The 2D descriptions are just analogies, to make unvisualizable ideas visualizable or compare unfamiliar concepts to familiar ones.

Some theories require extra spatial dimensions from 4 on up which we can't detect or imagine ourselves, or involve some peculiar compression/stretching/bending of space in a way that's most easily visualized as happening in an extra spatial dimension. So, to try to illustrate those concepts, people simplify the world down by at least one dimension, using two to represent what we normally think of as the plain ordinary three, so that they'll have the third dimension available in which to show whatever higher-dimensional oddity they want to talk about, because they just can't use actual higher dimensions to show what they're REALLY talking about.
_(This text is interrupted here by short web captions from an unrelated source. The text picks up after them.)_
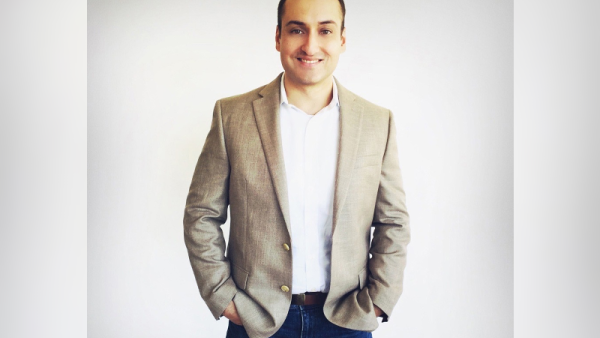 Sitecore Extends Collaboration with Microsoft to Power the Digital Future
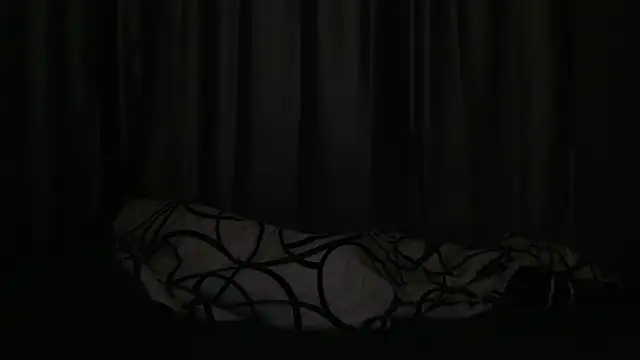 PussyFarrie's cam snapshot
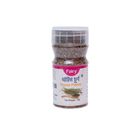 Fairy Thyme Flakes 30g
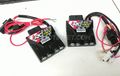 ECU aRacer RCMini 4S, Untuk Honda Sonic dan MX King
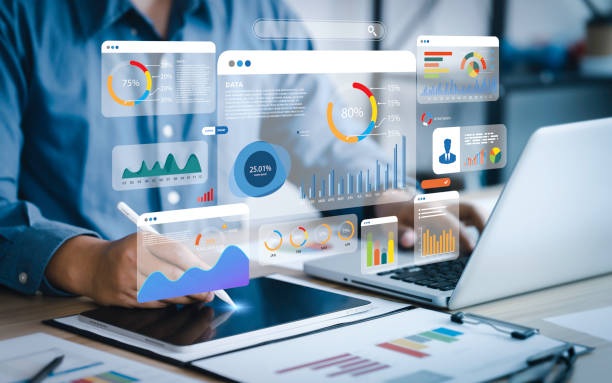 AI platform companies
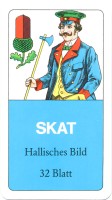 deck-000271-extra
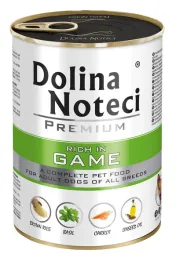 dolina-noteci-premium-bogata-w-dziczyzne-400g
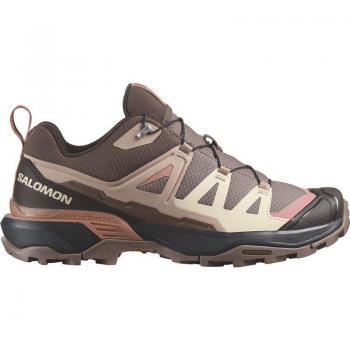 Zapatillas de montaña Salomon X Ultra 360 para mujer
Another analogy using a 2D universe has nothing to do with extra dimensions but just seeks to make an unfamiliar concept more familiar anyway: the expansion of space. What's most accurate to say is that all three dimensions are stretching so the space between any two points gets longer, but most people have never seen anything expanding like that in three dimensions, so the idea of the universe as a 2D balloon surface is used instead because people are quite familiar with balloon stretching. The idea is to get people to apply what they're familiar with in 2D balloon surfaces to the less familiar 3D setting for the same concept of stretching. It doesn't mean anyone's claiming the universe is actually 2D; it just means that they're momentarily pretending, or talking AS IF it were 2D, to get audiences to take the 2D concept and then step it up to three.